Mulligatawny Soup by The Clean Tribe
- 3 Tbs of Mr Fitzpatrick's Ginger cordial
- 1/4 cup of coconut oil
- 1 brown onion, chopped
- 1 carrot diced
- 1 can of tomatoes
- 1 red chilli
- 2 small apples, peeled, cored and diced.
- 3 cloves of minced garlic
- 1 Tbs curry powder
- 1/2 Tsp of ground cumin
- 1/2 Tsp cinnamon
- 1/2 Tsp dried thyme
- 1/2 Tsp of turmeric
- 1/4 Tsp ground cardamon
- 1/2 cup of red lentils
- 3/4 cup of coconut milk
- 3 cups of vegetable broth
- Tbs of Tamarind paste (juice of 1/2 a lemon is an acceptable replacement)
- * 1/2 Tsp of salt
- * 1/4 Tsp of black pepper
- Melt the coconut oil in a large heavy bottomed saucepan over medium-high heat. Add the onion, carrot, and chilli, then saute for 4 to 5 minutes or until the onions have softened, but not coloured.
- Add the garlic, ginger cordial, apples, and tomatoes to the pot. Cook for 3 minutes, then add in all of the spices and toss to coat.

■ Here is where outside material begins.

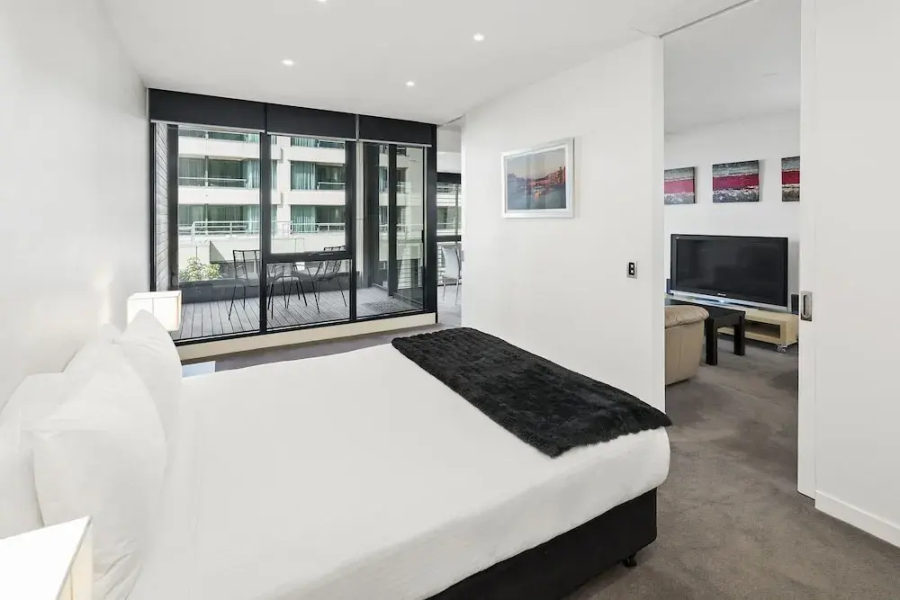 Edgewater 207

- Add in the lentils and broth and let the contents come to a boil. Turn the heat down to medium-low and simmer uncovered for 30 minutes.
- Let cool slightly then puree about 50% of the ingredients using a hand blender, or by transferring a portion of the contents to the pan to a standard blender. This leaves some of the chunks whole, adding a nice texture and consistency to the soup.
- Return the soup to the pot if needed, then stir in the coconut milk. Taste, and adjust seasoning if needed.
- Serve topped with a swirl of coconut milk, cashews and coriander.